■ What you should do ■
For each line below, print it again exactly as shown.
== Segment start ==
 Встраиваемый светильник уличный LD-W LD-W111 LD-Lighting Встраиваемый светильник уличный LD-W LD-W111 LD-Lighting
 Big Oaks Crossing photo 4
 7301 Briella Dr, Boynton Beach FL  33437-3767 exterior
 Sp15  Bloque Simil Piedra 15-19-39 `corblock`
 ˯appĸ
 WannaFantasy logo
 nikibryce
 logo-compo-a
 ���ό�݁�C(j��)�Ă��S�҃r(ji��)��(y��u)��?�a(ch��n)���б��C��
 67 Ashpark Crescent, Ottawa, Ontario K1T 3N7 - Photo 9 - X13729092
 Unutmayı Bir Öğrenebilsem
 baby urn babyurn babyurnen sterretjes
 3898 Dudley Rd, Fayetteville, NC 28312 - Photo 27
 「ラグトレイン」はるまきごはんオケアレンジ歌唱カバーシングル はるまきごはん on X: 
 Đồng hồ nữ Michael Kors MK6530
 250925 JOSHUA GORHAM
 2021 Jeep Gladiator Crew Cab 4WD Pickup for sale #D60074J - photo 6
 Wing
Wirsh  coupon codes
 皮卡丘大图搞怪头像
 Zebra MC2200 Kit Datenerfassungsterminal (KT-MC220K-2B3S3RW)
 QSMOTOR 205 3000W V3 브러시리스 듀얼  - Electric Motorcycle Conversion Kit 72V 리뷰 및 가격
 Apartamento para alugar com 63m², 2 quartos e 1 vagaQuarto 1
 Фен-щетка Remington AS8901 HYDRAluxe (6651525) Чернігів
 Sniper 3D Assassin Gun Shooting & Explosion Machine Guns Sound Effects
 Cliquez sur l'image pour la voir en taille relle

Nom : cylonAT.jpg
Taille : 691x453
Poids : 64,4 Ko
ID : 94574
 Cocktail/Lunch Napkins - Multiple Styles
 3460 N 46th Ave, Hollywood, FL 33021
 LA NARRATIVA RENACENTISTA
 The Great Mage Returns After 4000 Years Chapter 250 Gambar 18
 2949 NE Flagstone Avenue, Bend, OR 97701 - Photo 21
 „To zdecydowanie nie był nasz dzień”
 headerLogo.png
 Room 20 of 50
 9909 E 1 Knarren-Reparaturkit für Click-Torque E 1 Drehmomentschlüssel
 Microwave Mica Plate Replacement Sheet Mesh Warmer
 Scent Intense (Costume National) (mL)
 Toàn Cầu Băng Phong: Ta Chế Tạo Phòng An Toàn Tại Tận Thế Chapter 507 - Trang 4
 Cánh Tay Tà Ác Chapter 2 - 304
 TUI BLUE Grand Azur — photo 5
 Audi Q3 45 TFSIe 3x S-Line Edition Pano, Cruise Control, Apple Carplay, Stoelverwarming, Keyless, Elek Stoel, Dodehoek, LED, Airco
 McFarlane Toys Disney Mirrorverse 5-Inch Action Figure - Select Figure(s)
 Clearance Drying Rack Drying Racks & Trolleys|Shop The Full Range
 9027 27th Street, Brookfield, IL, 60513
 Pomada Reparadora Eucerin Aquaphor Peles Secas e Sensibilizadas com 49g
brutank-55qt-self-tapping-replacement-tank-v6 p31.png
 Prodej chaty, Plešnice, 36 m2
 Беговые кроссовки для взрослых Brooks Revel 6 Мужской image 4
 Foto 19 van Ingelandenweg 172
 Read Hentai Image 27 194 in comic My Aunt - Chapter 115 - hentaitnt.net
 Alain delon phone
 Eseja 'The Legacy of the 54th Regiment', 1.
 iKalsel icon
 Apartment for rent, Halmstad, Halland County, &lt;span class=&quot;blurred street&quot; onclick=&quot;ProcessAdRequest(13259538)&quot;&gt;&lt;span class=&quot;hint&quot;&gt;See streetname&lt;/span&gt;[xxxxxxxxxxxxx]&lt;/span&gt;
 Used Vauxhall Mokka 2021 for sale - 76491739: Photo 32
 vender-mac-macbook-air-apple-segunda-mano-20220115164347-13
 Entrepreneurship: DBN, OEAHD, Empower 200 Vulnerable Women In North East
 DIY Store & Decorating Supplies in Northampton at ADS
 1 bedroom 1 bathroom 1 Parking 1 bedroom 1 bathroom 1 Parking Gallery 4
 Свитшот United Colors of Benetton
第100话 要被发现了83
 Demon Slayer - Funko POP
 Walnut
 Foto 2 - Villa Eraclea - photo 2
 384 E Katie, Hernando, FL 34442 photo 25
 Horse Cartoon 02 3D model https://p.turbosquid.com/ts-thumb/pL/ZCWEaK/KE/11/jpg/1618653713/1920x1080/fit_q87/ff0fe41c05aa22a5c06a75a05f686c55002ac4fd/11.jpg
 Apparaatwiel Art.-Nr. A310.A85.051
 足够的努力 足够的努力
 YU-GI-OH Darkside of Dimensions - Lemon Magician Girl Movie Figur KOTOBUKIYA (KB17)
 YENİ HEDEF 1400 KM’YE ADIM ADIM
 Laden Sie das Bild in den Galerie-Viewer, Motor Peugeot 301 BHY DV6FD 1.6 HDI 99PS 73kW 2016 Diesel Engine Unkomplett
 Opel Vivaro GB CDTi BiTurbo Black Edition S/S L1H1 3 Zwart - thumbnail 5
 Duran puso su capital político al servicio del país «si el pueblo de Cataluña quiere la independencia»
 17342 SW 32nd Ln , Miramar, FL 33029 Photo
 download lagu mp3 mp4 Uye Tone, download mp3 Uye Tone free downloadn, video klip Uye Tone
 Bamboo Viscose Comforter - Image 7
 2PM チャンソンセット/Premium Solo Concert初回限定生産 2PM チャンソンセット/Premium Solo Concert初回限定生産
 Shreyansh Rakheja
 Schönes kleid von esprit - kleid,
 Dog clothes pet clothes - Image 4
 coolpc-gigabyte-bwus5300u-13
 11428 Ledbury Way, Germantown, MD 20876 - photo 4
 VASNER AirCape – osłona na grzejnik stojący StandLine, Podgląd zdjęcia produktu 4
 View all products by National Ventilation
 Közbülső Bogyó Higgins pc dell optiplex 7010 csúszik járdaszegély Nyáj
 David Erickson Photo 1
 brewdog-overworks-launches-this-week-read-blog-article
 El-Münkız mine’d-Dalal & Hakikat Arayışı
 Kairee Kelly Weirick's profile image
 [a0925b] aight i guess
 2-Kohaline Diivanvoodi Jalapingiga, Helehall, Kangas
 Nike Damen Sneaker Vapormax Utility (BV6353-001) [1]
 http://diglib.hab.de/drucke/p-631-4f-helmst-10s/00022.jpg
== Segment end ==
■ Exercise response ■
 Встраиваемый светильник уличный LD-W LD-W111 LD-Lighting Встраиваемый светильник уличный LD-W LD-W111 LD-Lighting
 Big Oaks Crossing photo 4
 7301 Briella Dr, Boynton Beach FL  33437-3767 exterior
 Sp15  Bloque Simil Piedra 15-19-39 `corblock`
 ˯appĸ
 WannaFantasy logo
 nikibryce
 logo-compo-a
 ���ό�݁�C(j��)�Ă��S�҃r(ji��)��(y��u)��?�a(ch��n)���б��C��
 67 Ashpark Crescent, Ottawa, Ontario K1T 3N7 - Photo 9 - X13729092
 Unutmayı Bir Öğrenebilsem
 baby urn babyurn babyurnen sterretjes
 3898 Dudley Rd, Fayetteville, NC 28312 - Photo 27
 「ラグトレイン」はるまきごはんオケアレンジ歌唱カバーシングル はるまきごはん on X: 
 Đồng hồ nữ Michael Kors MK6530
 250925 JOSHUA GORHAM
 2021 Jeep Gladiator Crew Cab 4WD Pickup for sale #D60074J - photo 6
 Wing
Wirsh  coupon codes
 皮卡丘大图搞怪头像
 Zebra MC2200 Kit Datenerfassungsterminal (KT-MC220K-2B3S3RW)
 QSMOTOR 205 3000W V3 브러시리스 듀얼  - Electric Motorcycle Conversion Kit 72V 리뷰 및 가격
 Apartamento para alugar com 63m², 2 quartos e 1 vagaQuarto 1
 Фен-щетка Remington AS8901 HYDRAluxe (6651525) Чернігів
 Sniper 3D Assassin Gun Shooting & Explosion Machine Guns Sound Effects
 Cliquez sur l'image pour la voir en taille relle

Nom : cylonAT.jpg
Taille : 691x453
Poids : 64,4 Ko
ID : 94574
 Cocktail/Lunch Napkins - Multiple Styles
 3460 N 46th Ave, Hollywood, FL 33021
 LA NARRATIVA RENACENTISTA
 The Great Mage Returns After 4000 Years Chapter 250 Gambar 18
 2949 NE Flagstone Avenue, Bend, OR 97701 - Photo 21
 „To zdecydowanie nie był nasz dzień”
 headerLogo.png
 Room 20 of 50
 9909 E 1 Knarren-Reparaturkit für Click-Torque E 1 Drehmomentschlüssel
 Microwave Mica Plate Replacement Sheet Mesh Warmer
 Scent Intense (Costume National) (mL)
 Toàn Cầu Băng Phong: Ta Chế Tạo Phòng An Toàn Tại Tận Thế Chapter 507 - Trang 4
 Cánh Tay Tà Ác Chapter 2 - 304
 TUI BLUE Grand Azur — photo 5
 Audi Q3 45 TFSIe 3x S-Line Edition Pano, Cruise Control, Apple Carplay, Stoelverwarming, Keyless, Elek Stoel, Dodehoek, LED, Airco
 McFarlane Toys Disney Mirrorverse 5-Inch Action Figure - Select Figure(s)
 Clearance Drying Rack Drying Racks & Trolleys|Shop The Full Range
 9027 27th Street, Brookfield, IL, 60513
 Pomada Reparadora Eucerin Aquaphor Peles Secas e Sensibilizadas com 49g
brutank-55qt-self-tapping-replacement-tank-v6 p31.png
 Prodej chaty, Plešnice, 36 m2
 Беговые кроссовки для взрослых Brooks Revel 6 Мужской image 4
 Foto 19 van Ingelandenweg 172
 Read Hentai Image 27 194 in comic My Aunt - Chapter 115 - hentaitnt.net
 Alain delon phone
 Eseja 'The Legacy of the 54th Regiment', 1.
 iKalsel icon
 Apartment for rent, Halmstad, Halland County, &lt;span class=&quot;blurred street&quot; onclick=&quot;ProcessAdRequest(13259538)&quot;&gt;&lt;span class=&quot;hint&quot;&gt;See streetname&lt;/span&gt;[xxxxxxxxxxxxx]&lt;/span&gt;
 Used Vauxhall Mokka 2021 for sale - 76491739: Photo 32
 vender-mac-macbook-air-apple-segunda-mano-20220115164347-13
 Entrepreneurship: DBN, OEAHD, Empower 200 Vulnerable Women In North East
 DIY Store & Decorating Supplies in Northampton at ADS
 1 bedroom 1 bathroom 1 Parking 1 bedroom 1 bathroom 1 Parking Gallery 4
 Свитшот United Colors of Benetton
第100话 要被发现了83
 Demon Slayer - Funko POP
 Walnut
 Foto 2 - Villa Eraclea - photo 2
 384 E Katie, Hernando, FL 34442 photo 25
 Horse Cartoon 02 3D model https://p.turbosquid.com/ts-thumb/pL/ZCWEaK/KE/11/jpg/1618653713/1920x1080/fit_q87/ff0fe41c05aa22a5c06a75a05f686c55002ac4fd/11.jpg
 Apparaatwiel Art.-Nr. A310.A85.051
 足够的努力 足够的努力
 YU-GI-OH Darkside of Dimensions - Lemon Magician Girl Movie Figur KOTOBUKIYA (KB17)
 YENİ HEDEF 1400 KM’YE ADIM ADIM
 Laden Sie das Bild in den Galerie-Viewer, Motor Peugeot 301 BHY DV6FD 1.6 HDI 99PS 73kW 2016 Diesel Engine Unkomplett
 Opel Vivaro GB CDTi BiTurbo Black Edition S/S L1H1 3 Zwart - thumbnail 5
 Duran puso su capital político al servicio del país «si el pueblo de Cataluña quiere la independencia»
 17342 SW 32nd Ln , Miramar, FL 33029 Photo
 download lagu mp3 mp4 Uye Tone, download mp3 Uye Tone free downloadn, video klip Uye Tone
 Bamboo Viscose Comforter - Image 7
 2PM チャンソンセット/Premium Solo Concert初回限定生産 2PM チャンソンセット/Premium Solo Concert初回限定生産
 Shreyansh Rakheja
 Schönes kleid von esprit - kleid,
 Dog clothes pet clothes - Image 4
 coolpc-gigabyte-bwus5300u-13
 11428 Ledbury Way, Germantown, MD 20876 - photo 4
 VASNER AirCape – osłona na grzejnik stojący StandLine, Podgląd zdjęcia produktu 4
 View all products by National Ventilation
 Közbülső Bogyó Higgins pc dell optiplex 7010 csúszik járdaszegély Nyáj
 David Erickson Photo 1
 brewdog-overworks-launches-this-week-read-blog-article
 El-Münkız mine’d-Dalal & Hakikat Arayışı
 Kairee Kelly Weirick's profile image
 [a0925b] aight i guess
 2-Kohaline Diivanvoodi Jalapingiga, Helehall, Kangas
 Nike Damen Sneaker Vapormax Utility (BV6353-001) [1]
 http://diglib.hab.de/drucke/p-631-4f-helmst-10s/00022.jpg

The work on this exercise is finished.